I'll age myself by saying that I remember Impala, and also was at the first Databricks Strata tutorial circa 2014. I started using both Databricks and Snowflake relatively early on--2016/2017. And while I love, love, LOVE your posts, I think there's one thing you get wrong here. Before roughly 2019, Databricks wasn't at all "a big, fast database that you can write SQL and Python against." Yes, you could query tables with SQL, but all of the underlying stuff you had to do with s3 and cluster management made it feel a lot more like Hadoop than Redshift or Snowflake. So much so that my DS/ML teams used Databricks because we liked python, but it was totally infeasible to make our Analytics team use it instead of Snowflake.
That all changed in 2020 when Databricks released Delta and very slowly integrated it into their product offering. Delta is basically OSS Snowflake, and since then, Databricks and Snowflake have been slowly converging. Finally in the last year or so Delta feels a lot like Snowflake (with a nice UI, simplified SQL clusters like Snowflake warehouses, etc.). So it really is a big, fast database that you can program with python, scala, SQL.
Approaching from the other direction, Snowflake has tried to open itself up to python with Snowpark, where they essentially copied the Spark API, but as far as I can tell it's mostly just marketing hype. I don't think Snowpark python is even generally available yet.
So I agree--you're totally right about how Databricks should be marketing itself now. But I think their tech couldn't back that up before the last year or two... Not that that usually stops the marketing people.
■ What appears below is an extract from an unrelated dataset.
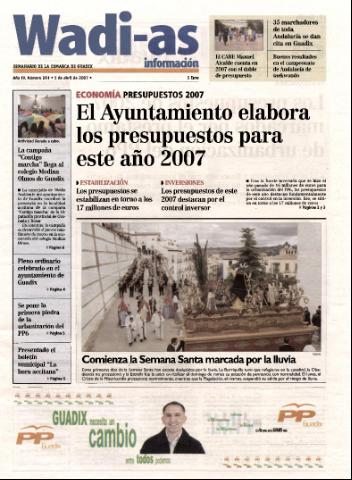'Wadi-as información : periódico semanal de la comarca de Guadix.' - Año IV Número 261 - 2007 abril 5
But maybe as reluctant academics that had a bit more shame?
That's fair, though I think those two things are intertwined. The mistake wasn't strictly failing to market a product that could've been a big, dumb database; it was not seeing that they were a couple steps away from building a big, dumb database that would've been really valuable to build. It seems like, in both the product and marketing, they were tied to this grander vision.
That said, to your point about Snowpark, that's Databricks' opportunity now. If they sort this stuff out, I think they have a higher ceiling than Snowflake, but to get there, they've got to sell beat Snowflake on the meat and potatoes "I need a database" deals that Snowflake seems extremely proficient at selling.
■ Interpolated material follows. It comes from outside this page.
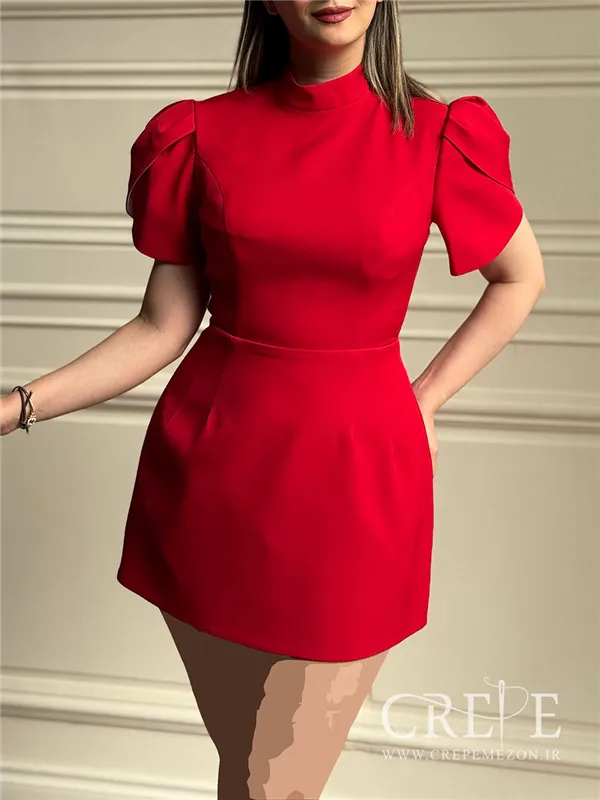 پیراهن عروسکی دکمه نما پاپیونی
This argument feels akin to claiming Airbnb should have just been another OTA just marketing hotels. Databricks is helping increase the TAM by making AI/ML easier and more accessible while also cementing their position well-ahead of others in the area. They are helping enable new use cases rather than just replacing vendors for existing ones. Similar to how Airbnb is expanding into Hotels, Databricks is now (for the past 2 years) expanding into general analytics and "boring" database stuff. If you [Databricks] are in this for the long-run, it seems like the smart approach to me. Do you disagree?
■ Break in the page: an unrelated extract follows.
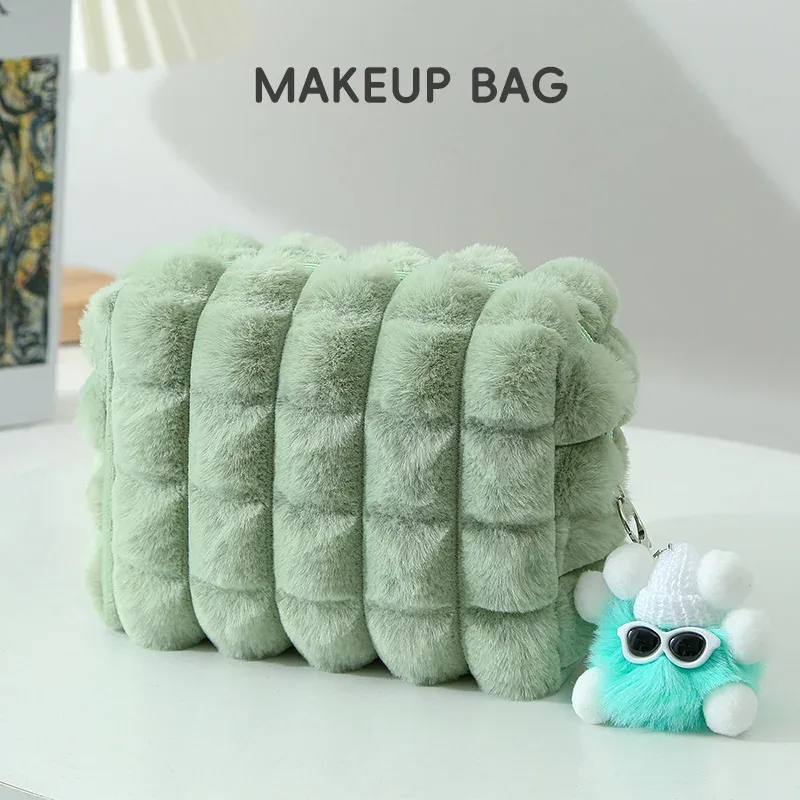 grande trousse à crayons en peluche, trousse à maquillage créative, sac court en peluche pour filles, fournitures scolaires, boîte à papeterie, trousse à cosmétiques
I do. If you've got the ability to be 1) a much better version of the thing that people already have, or 2) something that entirely new that people don't quite understand, I think 1) is a better path. Solving new problems is a tougher sell than something that people already know how to use, assess, measure, and implement.
On the Airbnb analogy, I'd see that differently. Airbnb did market directly to people who want hotels. It wasn't a new use case; it was a new form for the same problem. Had Airbnb done what Databricks did, they would've started with something like Experiences, which would be closer to a "new use case rather than replacing an existing one."
As someone who has been in the data industry for a long time, and who spent the year between 2012 and about 2018 feeling vaguely stupid much of the time for my inability to mentally stitch together the myriad Big Data technologies that were constantly emerging, merging and disappearing during that time, I find this post to be extremely soothing. Perhaps there is some kind of entropic data tech law that dictates that, eventually, all data tech becomes databases?
Thanks! And I suspect there's something to that, where most products eventually collapse down into a handful of things. At the end of the day, we're all either building a database, a data pipeline, or a BI a tool, no matter how much we say our thing is different.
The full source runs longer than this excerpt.